Eine Analyse von Dr. Lale Akgün
Am 9. November 2017 hat das Oberverwaltungsgericht Münster entschieden:
Der Zentralrat der Muslime in Deutschland e.V. und der Islamrat für die Bundesrepublik Deutschland e.V. haben in Nordrhein-Westfalen keinen Anspruch auf allgemeine Einführung islamischen Religionsunterrichts an öffentlichen Schulen. Aktenzeichen: 19 A 997/02 (I. Instanz: VG Düsseldorf 1 K 10519/98)
Vordergründig erstrebten die beiden Verbände die Einführung eines islamischen Bekenntnisunterrichtes für muslimische Kinder anstelle des jetzigen Beiratsmodells, bei dem die Hälfte der Mitglieder des Beirates von den islamischen Verbänden gestellt werden und die andere Hälfte vom Schulministerium berufen wird. Sie wollten einen Bekenntnisunterricht, der dem Grundgesetzartikel 7.3 entspricht. Es ging um den Satz „Unbeschadet des staatlichen Aufsichtsrechtes wird der Religionsunterricht in Übereinstimmung mit den Grundsätzen der Religionsgemeinschaften erteilt.“
Um dieses Recht in Anspruch zu nehmen, müssten die islamischen Verbände, in diesem Fall der Zentralrat der Muslime und der Islamrat, als Religionsgemeinschaften anerkannt werden. Die Erfüllung dieses seit Jahren gehegten Wunsches hat ihnen das OVG Münster nun versagt. Die Verbände sind keine Religionsgemeinschaften im Sinne des Grundgesetzes, daher können sie diesbezüglich etwa den Kirchen nicht gleichgestellt werden. Das Urteil ist also für die klagenden Islamverbände eine Ohrfeige. Und es hat ihnen nicht genutzt, dass sie sich immer wieder selbst als „Religionsgemeinschaft“ bezeichnet haben und dies auch weiterhin tun.

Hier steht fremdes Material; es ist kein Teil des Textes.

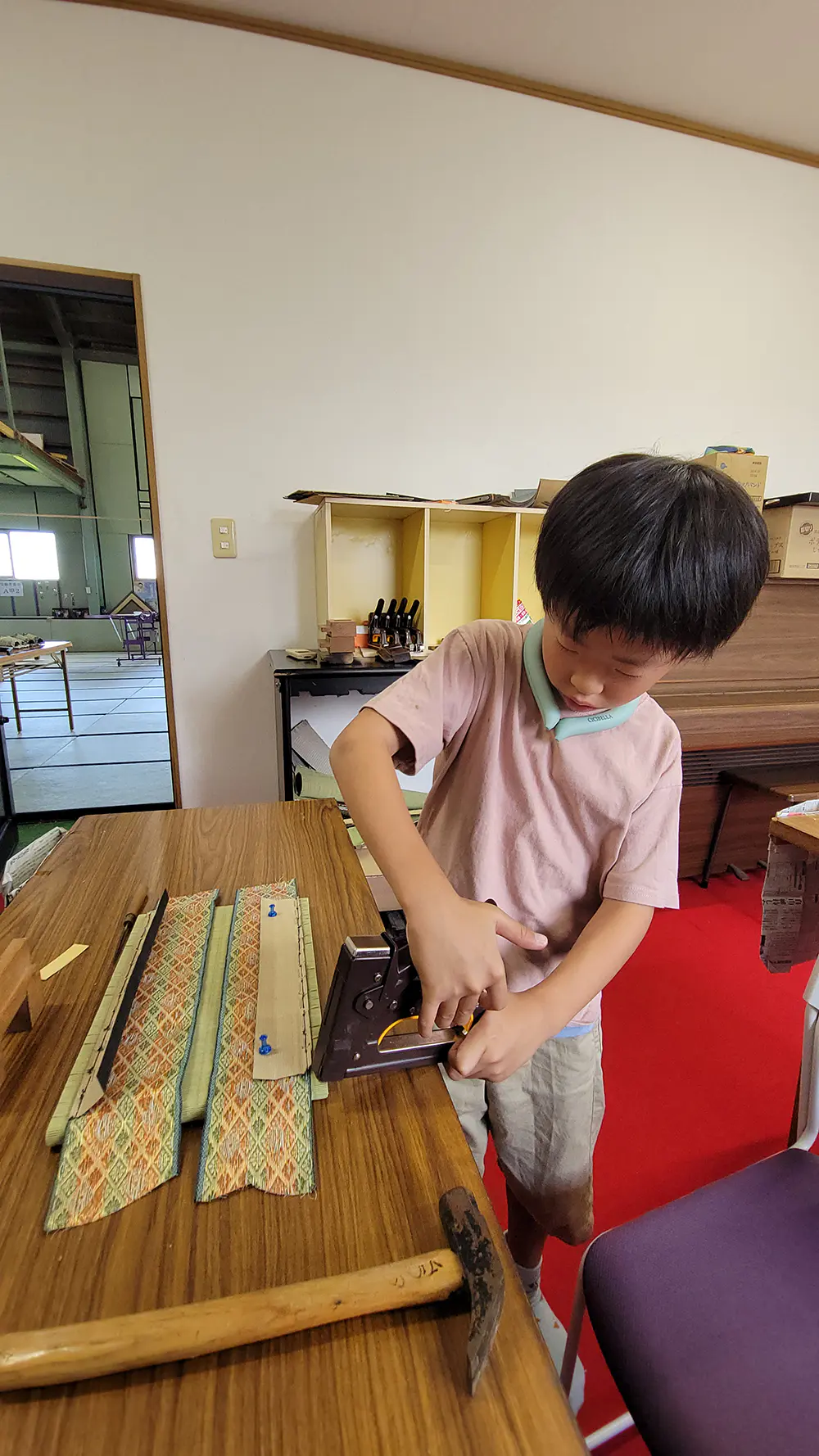 たくと
飾り畳の製作を体験させてもらいました。ホッチキスでヘリをとめるのが楽しかったです。昔は手縫いをしていたものも今では機械で裁断から流れ作業されていてかっこよかったです。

Nach meiner Einschätzung ist es ein gutes und richtiges Urteil. Es verhindert, dass die zum Teil theologisch sehr konservativen – bzw. fundamentalistischen – Verbände die Definitionshoheit über den Islam erhalten, der in deutschen Schulen gelehrt und in der Gesellschaft verbreitet wird.

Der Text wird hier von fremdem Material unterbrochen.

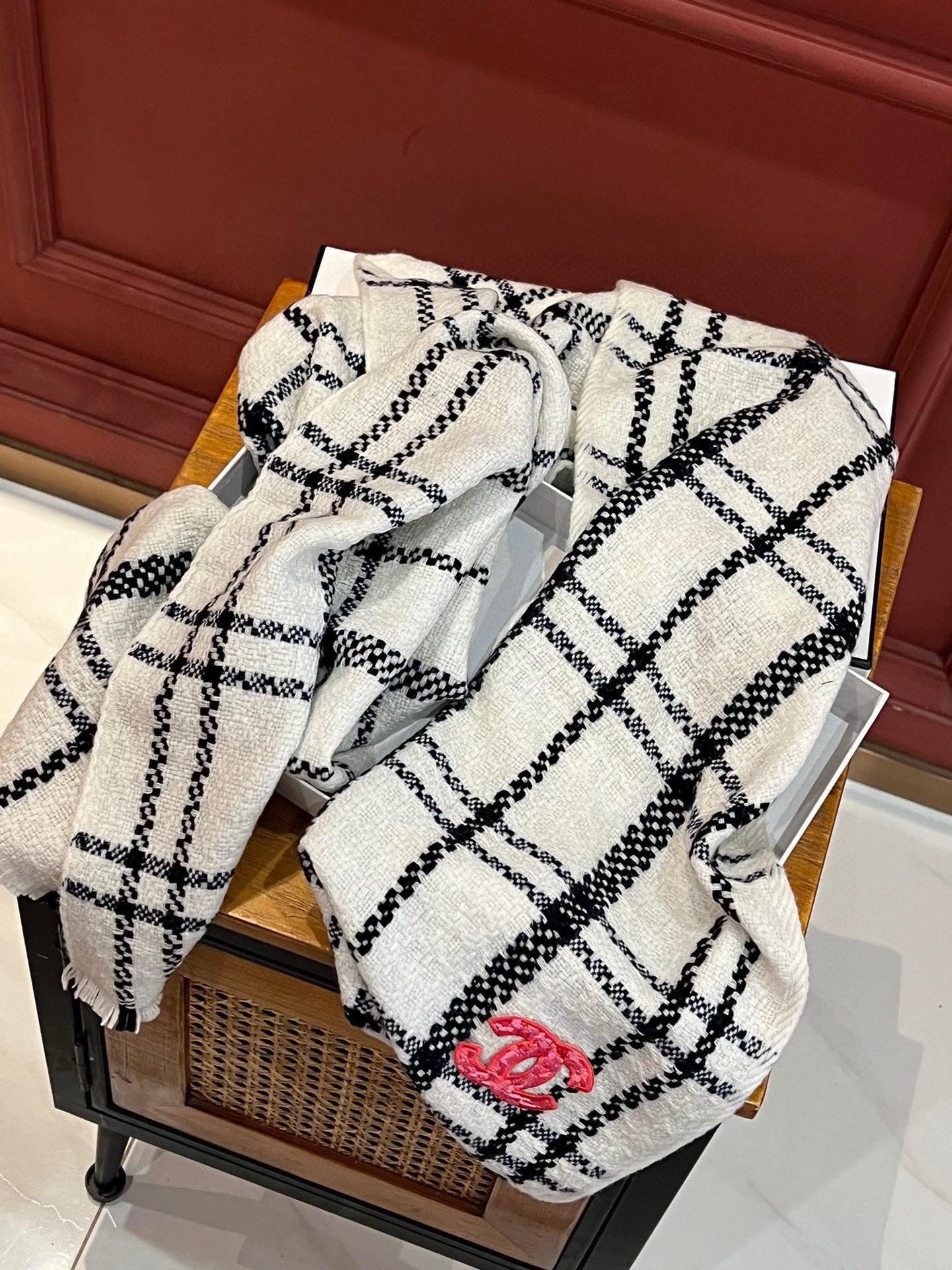 SCARF 190 CM IN WHITE MIX BLACK CASHMERE WITH RED LOGO 396472 mysite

Die beiden klagenden Verbände vertreten keineswegs alle Muslime – bzw. „die“ Muslime in Deutschland – auch nicht zusammen mit DITIB, also dem deutschen Ableger der türkischen Religionsbehörde DIYANET, und dem VIKZ, Verband der islamischen Kulturzentren (ein Ableger des Nakschibendi Ordens des Sufi-Predigers Süleyman Hilmi).

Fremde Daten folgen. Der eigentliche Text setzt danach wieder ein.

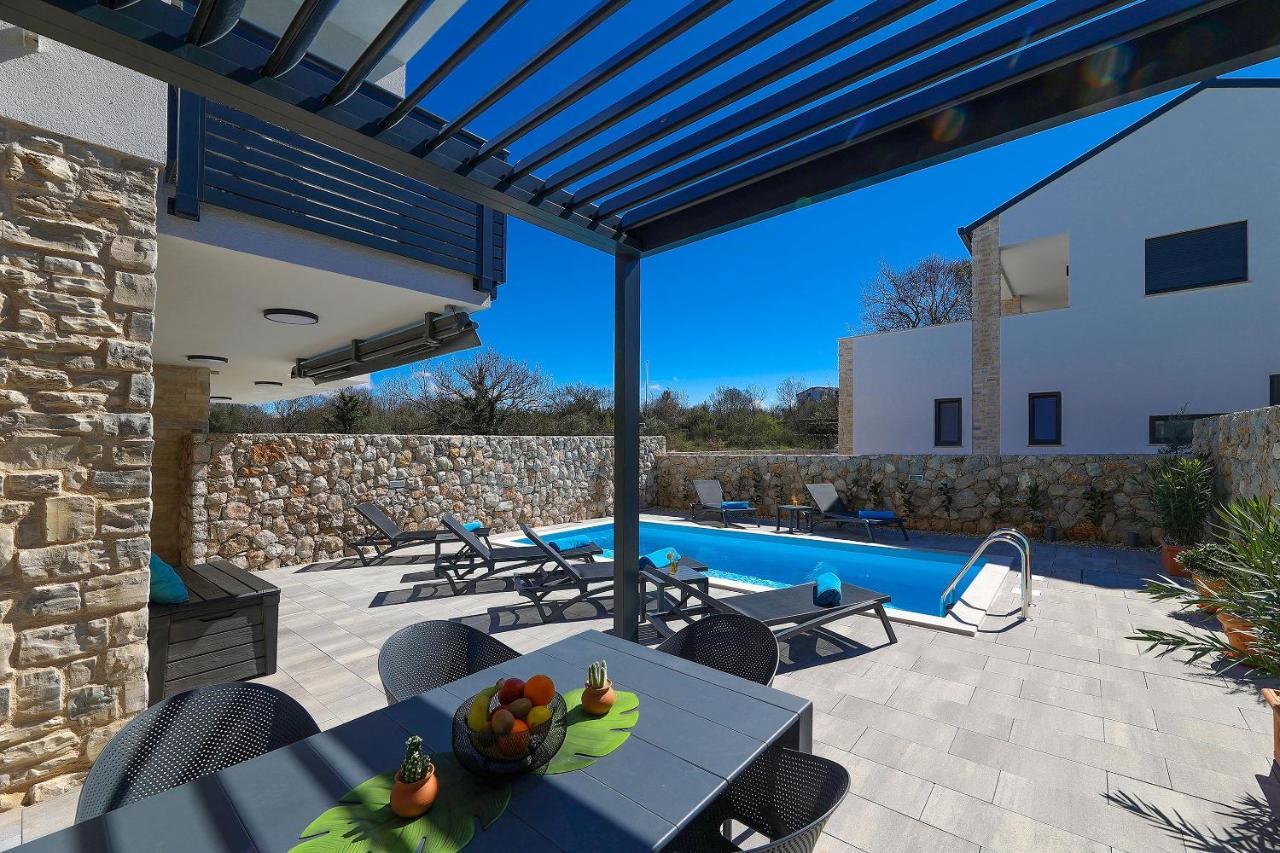 Toja Villa *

Dem deutschen Staat wäre es natürlich sehr recht, nur einen gemeinsamen muslimischen Ansprechpartner zu haben. Aber es gibt eben mehrere Gründe, die das verhindern – z.B. vertreten selbst die vier genannten großen Verbände nur etwa 15 bis 20 Prozent der Muslime in Deutschland (da es keine Mitgliederlisten gibt, sind dies Schätzzahlen). Auch vertreten sie nicht die zahlreichen theologischen Strömungen des Islam. Ohnehin gibt es im Islam keine zentrale theologische Autorität.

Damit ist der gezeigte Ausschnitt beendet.